- [Data shown]
--- START ---
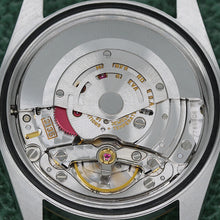Lade das Bild in den Galerie-Viewer, Datejust Stahl/Gold Ref : 16233
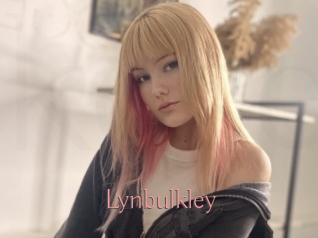 Lynbulkley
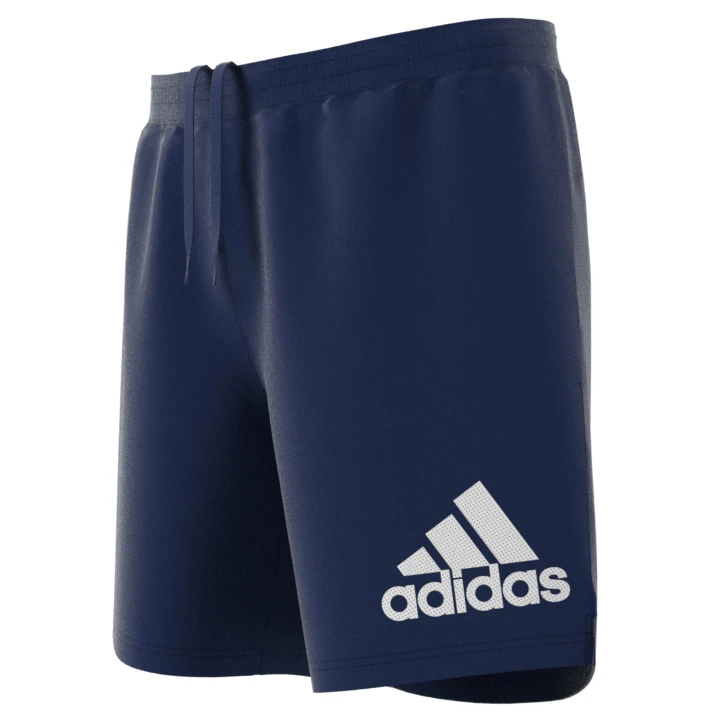 ADIDAS Run It Shorts - Running Shorts 1 ADIDAS Run It Shorts - Running Shorts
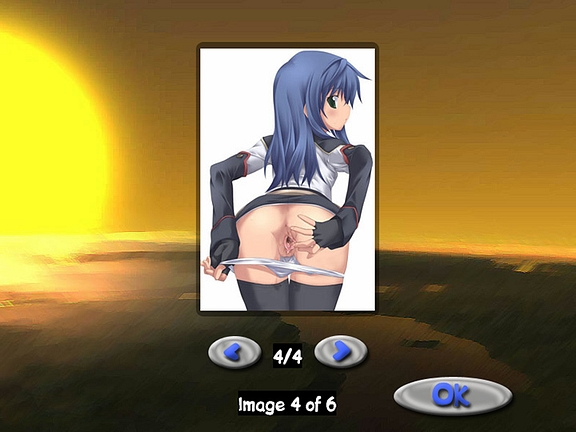 5BauvJDlIHo4QOD0TSRiWlSjzlCPWU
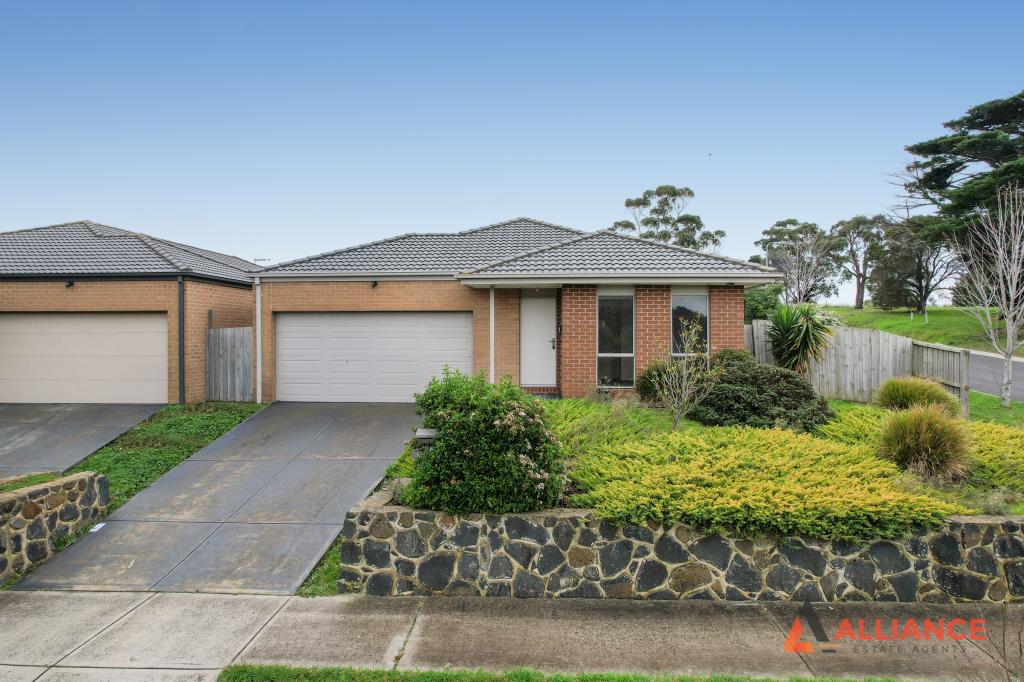 2 Marsala Way, Mernda, VIC 3754
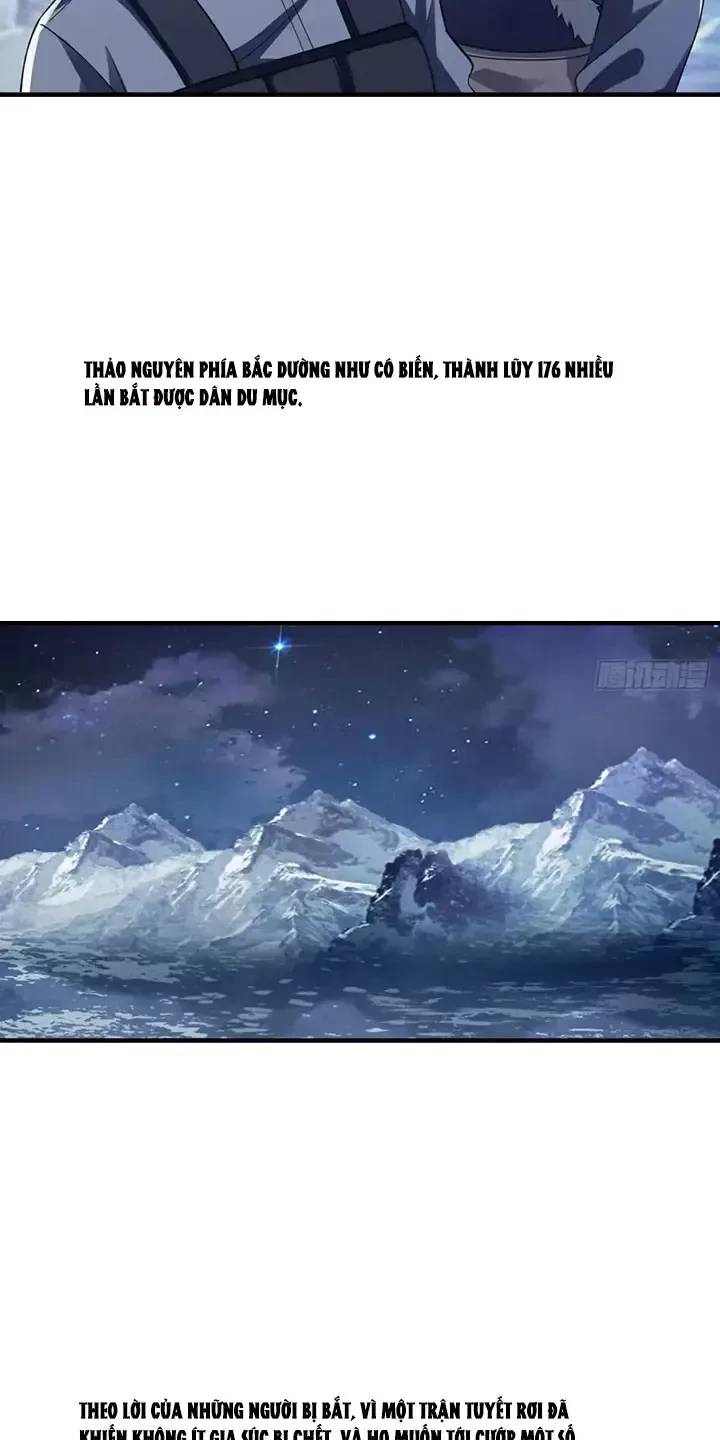 Đệ Nhất Danh Sách - Chapter 315 - Page 56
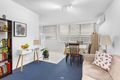 Property photo of 2/22-24 Darling Street South Yarra VIC 3141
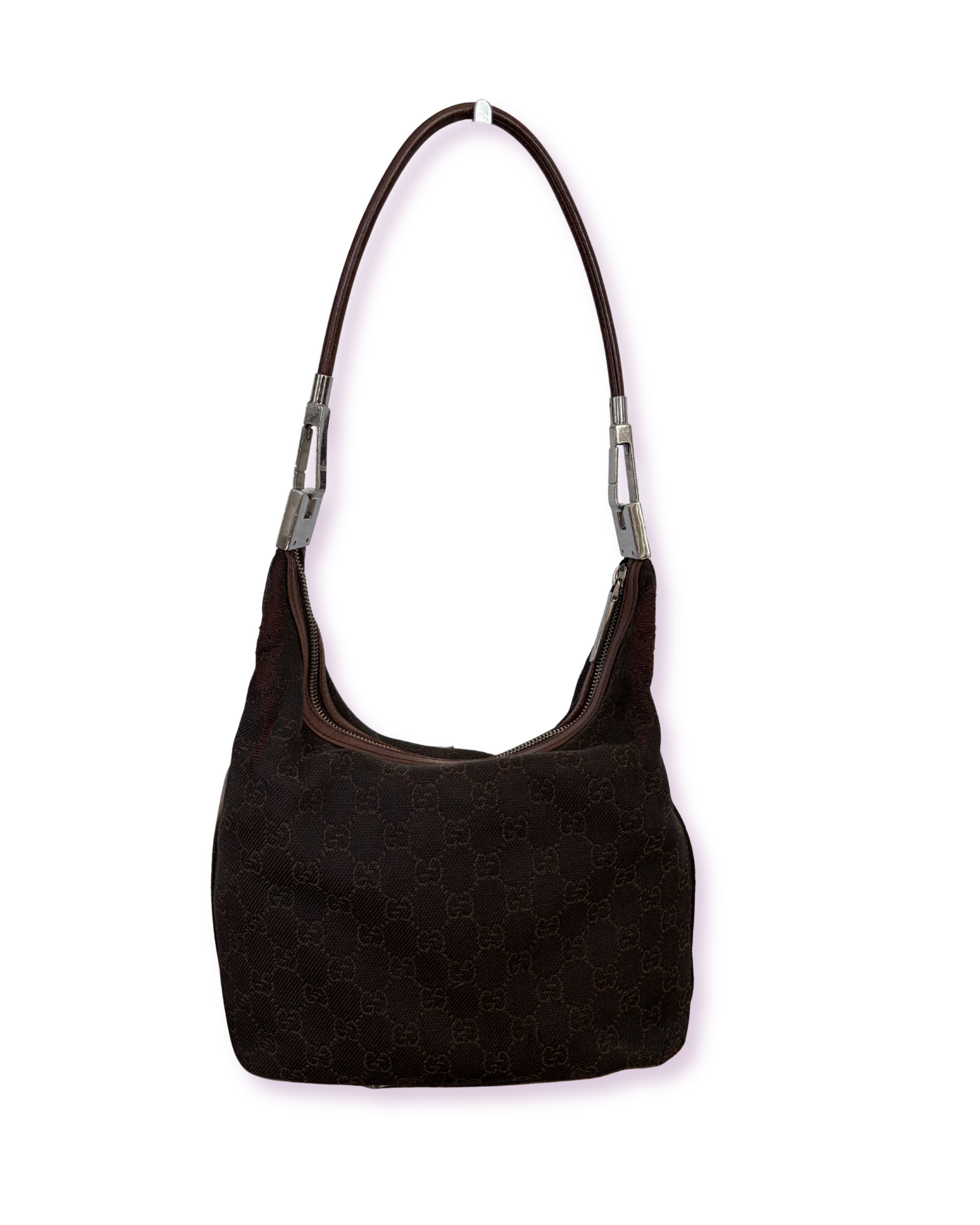 Sac hobo porté épaule – GUCCI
--- END ---
- [Task to carry out] Write the listing above out again word for word, excluding all images.

- [Exercise solution]
Lade das Bild in den Galerie-Viewer, Datejust Stahl/Gold Ref : 16233
 Lynbulkley
 ADIDAS Run It Shorts - Running Shorts 1 ADIDAS Run It Shorts - Running Shorts
 5BauvJDlIHo4QOD0TSRiWlSjzlCPWU
 2 Marsala Way, Mernda, VIC 3754
 Đệ Nhất Danh Sách - Chapter 315 - Page 56
 Property photo of 2/22-24 Darling Street South Yarra VIC 3141
 Sac hobo porté épaule – GUCCI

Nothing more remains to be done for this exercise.